(Raw data begins)

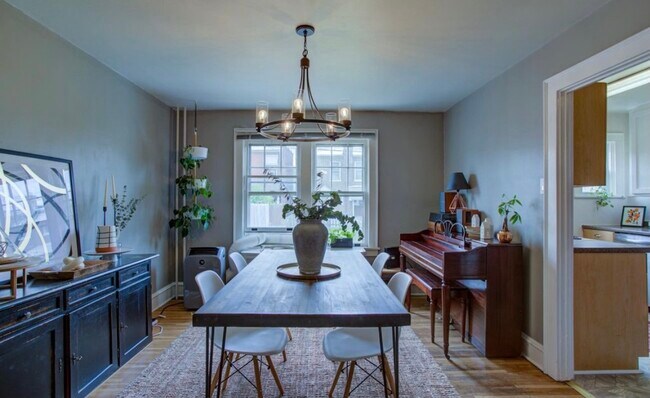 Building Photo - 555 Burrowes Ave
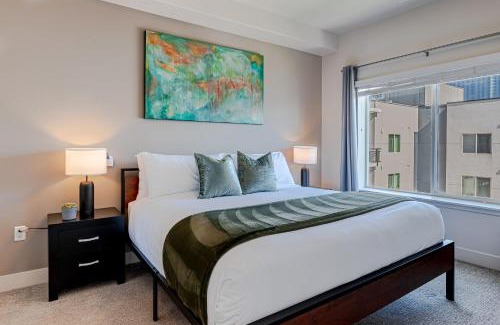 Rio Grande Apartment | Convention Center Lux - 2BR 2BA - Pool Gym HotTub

(Raw data ends)
(Raw data begins)

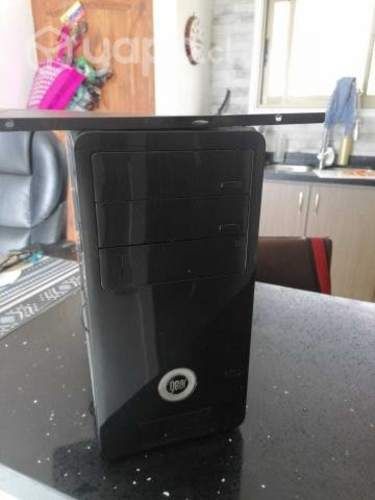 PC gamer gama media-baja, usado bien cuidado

(Raw data ends)

[Exercise aim]:
Exercise for the records above: copy only the lines from the one with "Building Photo - 555 Burrowes Ave" to the one with "Rio Grande Apartment", both ends kept, and drop the pictures.

[Answer below]:
 Building Photo - 555 Burrowes Ave
 Rio Grande Apartment | Convention Center Lux - 2BR 2BA - Pool Gym HotTub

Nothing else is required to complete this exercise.